[DATA TO USE — start]

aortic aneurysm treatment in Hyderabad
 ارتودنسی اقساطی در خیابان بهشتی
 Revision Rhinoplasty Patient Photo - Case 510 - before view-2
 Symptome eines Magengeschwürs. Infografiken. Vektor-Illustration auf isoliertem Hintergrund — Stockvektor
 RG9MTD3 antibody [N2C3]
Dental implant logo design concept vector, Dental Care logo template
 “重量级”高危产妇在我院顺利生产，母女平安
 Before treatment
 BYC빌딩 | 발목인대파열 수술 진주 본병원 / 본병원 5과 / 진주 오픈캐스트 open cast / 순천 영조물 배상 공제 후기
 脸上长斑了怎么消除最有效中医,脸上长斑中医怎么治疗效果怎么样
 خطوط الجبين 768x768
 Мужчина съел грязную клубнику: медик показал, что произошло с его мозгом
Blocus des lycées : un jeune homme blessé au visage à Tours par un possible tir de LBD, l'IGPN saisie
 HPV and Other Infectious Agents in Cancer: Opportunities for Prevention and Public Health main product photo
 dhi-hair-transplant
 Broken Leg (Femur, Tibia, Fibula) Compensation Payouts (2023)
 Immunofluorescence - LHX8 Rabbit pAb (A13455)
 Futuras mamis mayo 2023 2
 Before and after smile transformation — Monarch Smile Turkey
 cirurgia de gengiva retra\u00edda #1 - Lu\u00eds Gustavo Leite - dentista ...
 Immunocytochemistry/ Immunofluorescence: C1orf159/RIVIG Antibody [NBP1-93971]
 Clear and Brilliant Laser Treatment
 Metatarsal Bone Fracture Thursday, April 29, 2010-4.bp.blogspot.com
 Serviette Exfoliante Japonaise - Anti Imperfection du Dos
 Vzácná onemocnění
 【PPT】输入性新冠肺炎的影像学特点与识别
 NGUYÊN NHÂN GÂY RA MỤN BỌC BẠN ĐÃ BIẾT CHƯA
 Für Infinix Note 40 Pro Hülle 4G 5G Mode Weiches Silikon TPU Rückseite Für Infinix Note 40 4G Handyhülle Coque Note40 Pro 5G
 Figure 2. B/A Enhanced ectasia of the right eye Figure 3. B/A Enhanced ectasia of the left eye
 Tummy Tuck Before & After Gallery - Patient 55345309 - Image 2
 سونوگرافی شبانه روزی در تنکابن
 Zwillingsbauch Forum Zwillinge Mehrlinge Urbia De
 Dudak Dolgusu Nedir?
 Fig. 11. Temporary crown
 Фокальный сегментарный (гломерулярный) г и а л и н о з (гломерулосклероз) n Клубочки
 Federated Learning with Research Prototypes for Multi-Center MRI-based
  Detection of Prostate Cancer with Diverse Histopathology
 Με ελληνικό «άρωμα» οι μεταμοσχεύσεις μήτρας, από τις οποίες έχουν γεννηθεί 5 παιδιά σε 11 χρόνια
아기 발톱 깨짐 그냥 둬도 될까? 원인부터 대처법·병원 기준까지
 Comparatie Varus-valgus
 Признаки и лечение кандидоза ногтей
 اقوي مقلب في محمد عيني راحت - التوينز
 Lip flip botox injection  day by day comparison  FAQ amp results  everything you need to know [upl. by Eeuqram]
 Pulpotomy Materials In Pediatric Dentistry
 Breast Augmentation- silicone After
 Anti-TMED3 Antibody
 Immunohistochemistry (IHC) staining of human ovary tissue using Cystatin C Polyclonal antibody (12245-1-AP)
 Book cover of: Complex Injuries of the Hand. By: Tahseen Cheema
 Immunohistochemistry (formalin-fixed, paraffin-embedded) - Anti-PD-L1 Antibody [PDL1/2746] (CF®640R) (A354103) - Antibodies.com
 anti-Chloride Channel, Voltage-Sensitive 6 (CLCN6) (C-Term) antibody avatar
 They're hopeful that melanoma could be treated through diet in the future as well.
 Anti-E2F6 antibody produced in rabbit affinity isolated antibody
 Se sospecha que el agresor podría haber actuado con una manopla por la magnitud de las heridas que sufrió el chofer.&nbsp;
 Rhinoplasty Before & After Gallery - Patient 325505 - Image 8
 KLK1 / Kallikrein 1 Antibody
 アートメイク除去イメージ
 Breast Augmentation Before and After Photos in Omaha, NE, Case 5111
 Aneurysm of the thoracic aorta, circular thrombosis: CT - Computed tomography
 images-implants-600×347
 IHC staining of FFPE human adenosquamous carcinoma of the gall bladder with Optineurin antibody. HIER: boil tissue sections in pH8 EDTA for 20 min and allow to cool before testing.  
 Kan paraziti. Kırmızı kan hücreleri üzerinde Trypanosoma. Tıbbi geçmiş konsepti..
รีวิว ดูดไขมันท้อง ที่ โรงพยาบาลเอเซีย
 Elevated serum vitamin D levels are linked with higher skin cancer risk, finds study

[DATA TO USE — finish]

→ EXERCISE REQUIREMENTS:
Would you copy out every line in the records that includes the string "Case"?

→ RESPONSE AREA:
 Revision Rhinoplasty Patient Photo - Case 510 - before view-2
 Breast Augmentation Before and After Photos in Omaha, NE, Case 5111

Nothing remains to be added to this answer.